The task: Pictures excluded, set down exactly the lines from the one containing "CUSTOM **Jumping Spider" through the final line of the material, and only those.

----- Input data -----

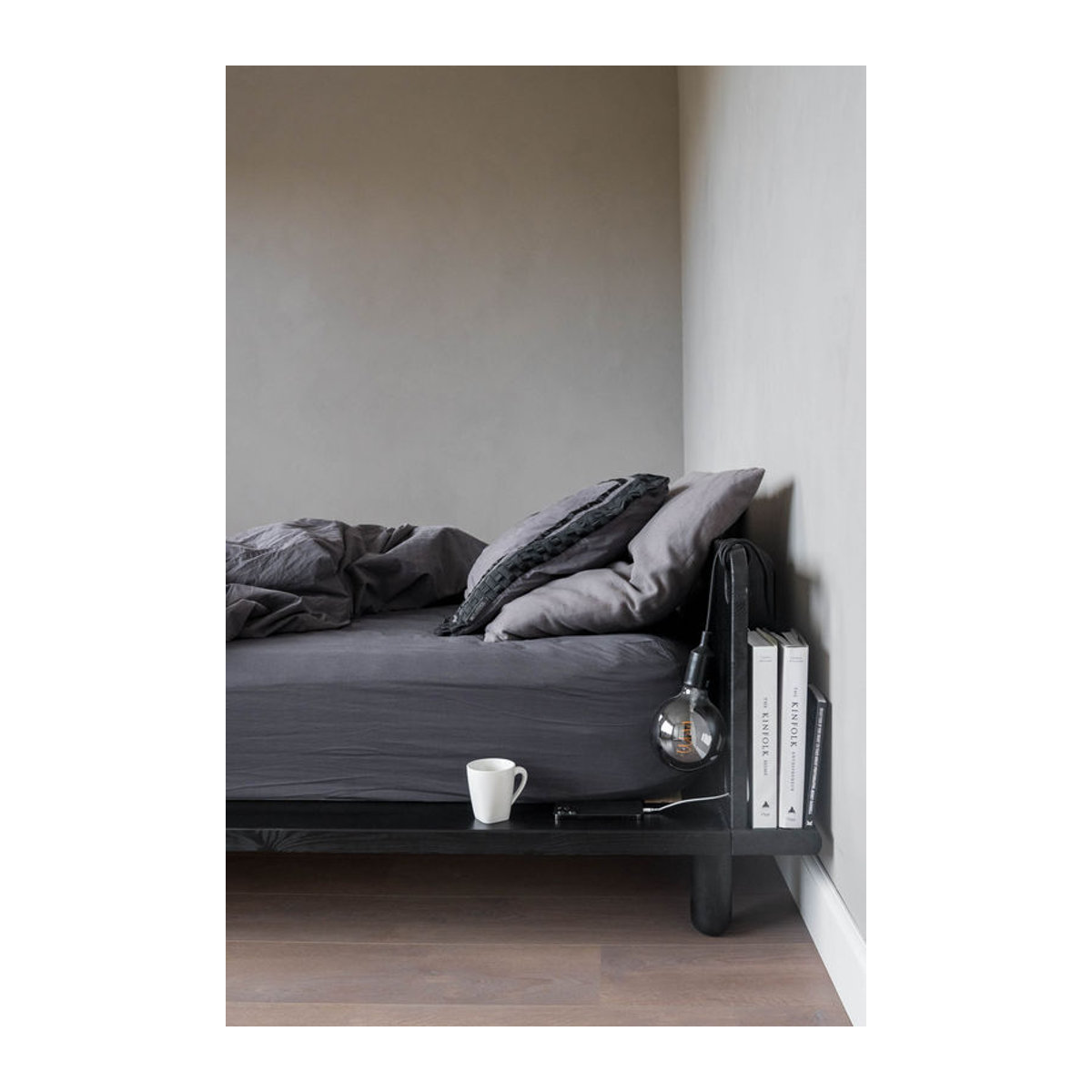 Karup Peek Massivholzbett in Schwarz mit minimalistischem Design - Bild 3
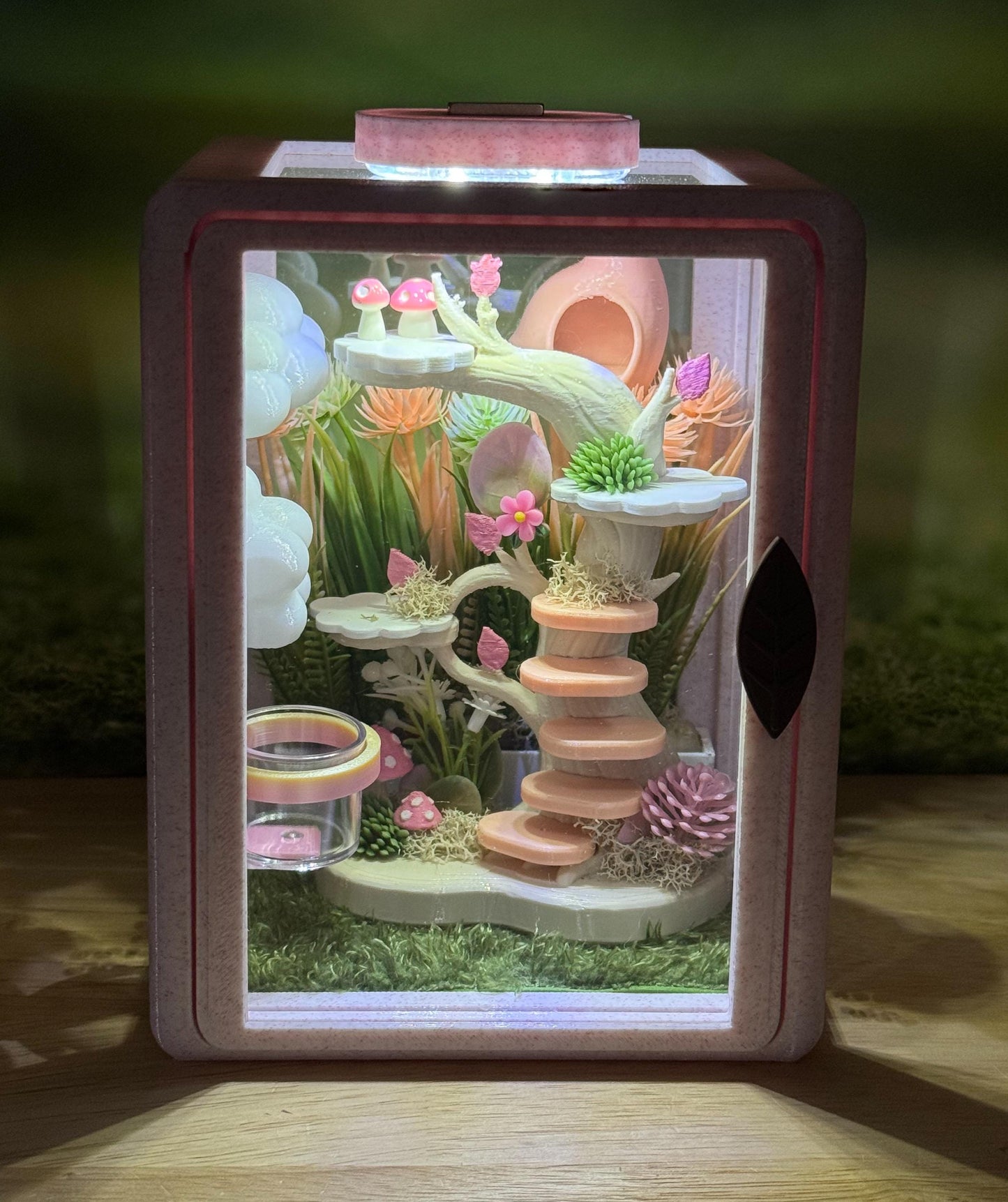 CUSTOM **Jumping Spider Enclosure, Front Opening Habitat (4.8x5x6.5) Pink Marble and Blue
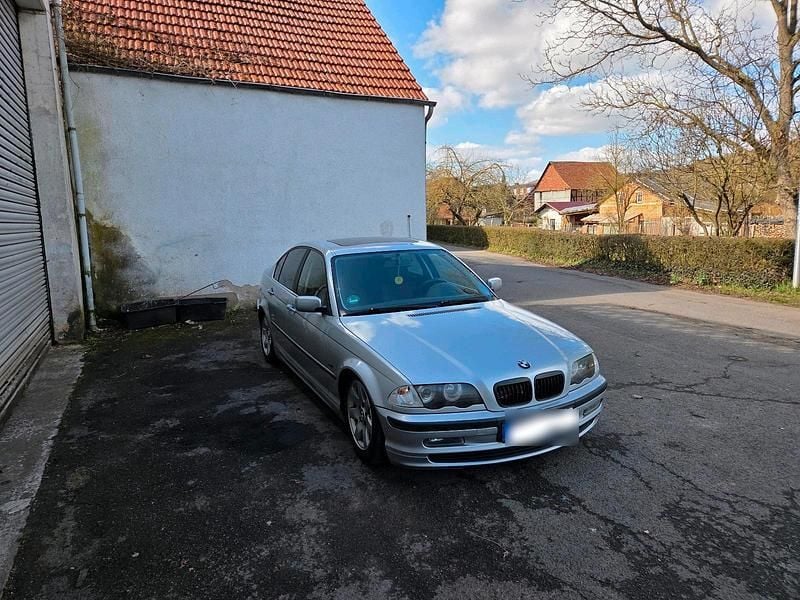 Gebraucht BMW 320 150 PS (110 kW) 1998 Silber Limousine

-----

Task response:
 CUSTOM **Jumping Spider Enclosure, Front Opening Habitat (4.8x5x6.5) Pink Marble and Blue
 Gebraucht BMW 320 150 PS (110 kW) 1998 Silber Limousine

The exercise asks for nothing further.